How do you usually measure test coverage in Rust?

I think many people use kennytm/cargo-kcov or xd009642/tarpaulin, but there is also an official(?) tool called mozilla/grcov. This project was started for Firefox's coverage measurement, and it is expected to continue to be developed stably in the future. In fact, frequent commits can be seen.

https://github.com/mozilla/grcov

In this article, I will create a shell script that easily measures test coverage using mozilla/grcov. Since it is not yet mature, the usage may change in the future, so please confirm it yourself when using it.

Preparation

Prepare the necessary tools for execution.

  • grcov
    • This is the main tool. Easy to install with cargo install grcov
  • Nightly Rust
    • As usual, the Nightly version is required for test coverage measurement. Easy to install with rustup install nightly
  • lcov
    • Used to convert coverage reports to HTML (genhtml). On Mac, you can install it with brew install lcov etc.

Execution

TL;DR

#!/usr/bin/env bash

set -eux

PROJ_NAME=$(cat Cargo.toml | grep -E "^name" | sed -E 's/name[[:space:]]=[[:space:]]"(.*)"/\1/g' | sed -E 's/-/_/g')
rm -rf target/debug/deps/${PROJ_NAME}-*

export CARGO_INCREMENTAL=0
export RUSTFLAGS="-Zprofile -Ccodegen-units=1 -Cinline-threshold=0 -Clink-dead-code -Coverflow-checks=off -Zno-landing-pads"
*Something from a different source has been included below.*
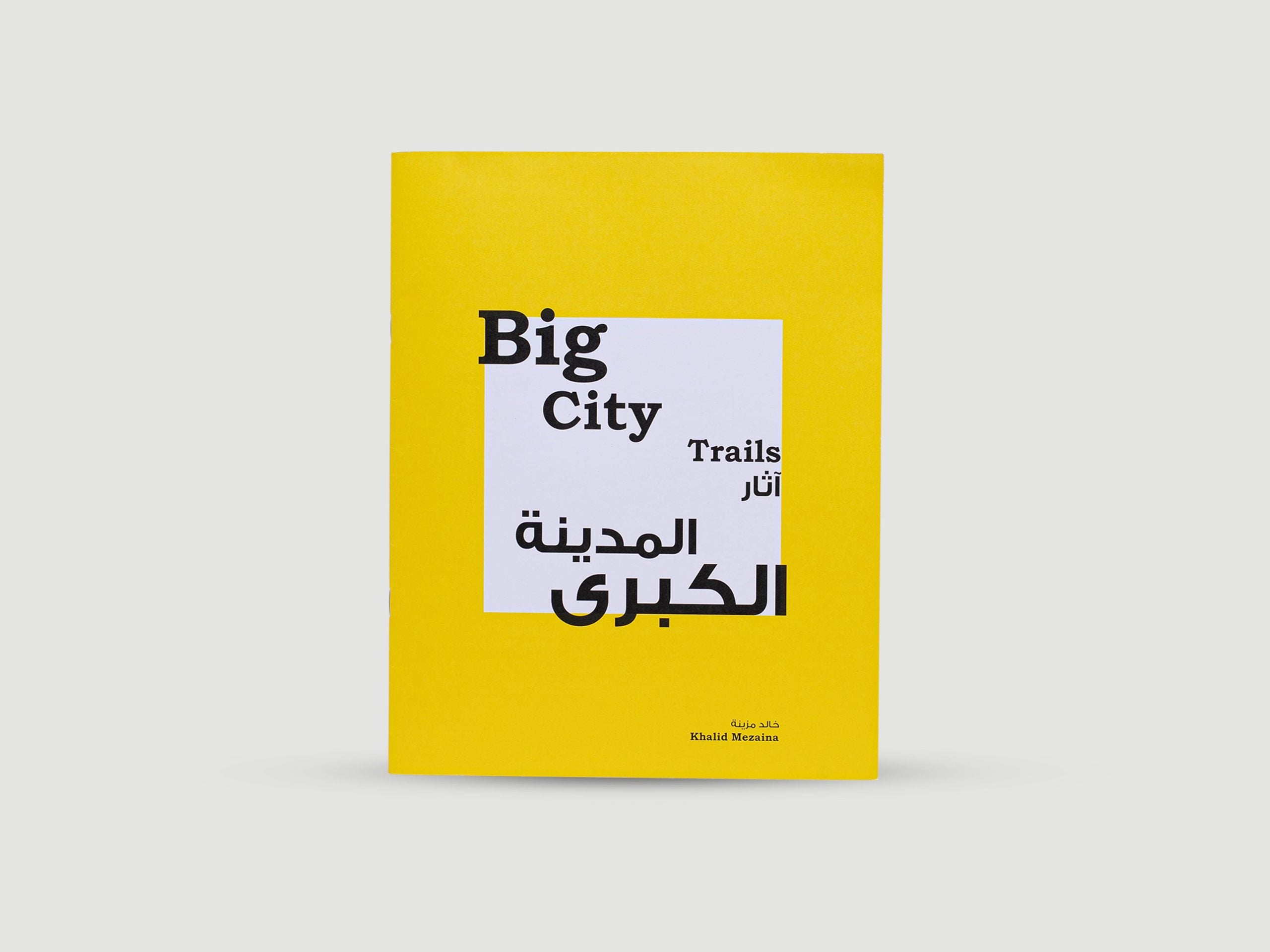 Big City Trails Activity Book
cargo +nightly build --verbose
cargo +nightly test --verbose

grcov ./target/debug/deps -s . -t lcov --llvm --branch --ignore-not-existing --ignore-dir "/*" -o lcov.info
genhtml -o report/ --show-details --highlight --ignore-errors source --legend lcov.info

If you run this at the project root, the report will appear in report/index.html.

Details

I will create a shell script based on the travis version script in grcov's README. The goal is to generate a measurement report just by running it.

First, let's check the flags. Set CARGO_INCREMENTAL and RUSTFLAGS to configure appropriate settings for measurement. Please change these according to your use case.

export CARGO_INCREMENTAL=0
export RUSTFLAGS="-Zprofile -Ccodegen-units=1 -Cinline-threshold=0 -Clink-dead-code -Coverflow-checks=off -Zno-landing-pads"

Since we're using nightly features in the flags, specify the channel to use with +nightly.

cargo +nightly build --verbose
cargo +nightly test --verbose

After the test is completed, it's finally time for grcov. It's a bit surprising that ./target/debug/deps is specified, but GCNA/GCNO files are generated here. The overview is explained in cov, so please read it if you're interested.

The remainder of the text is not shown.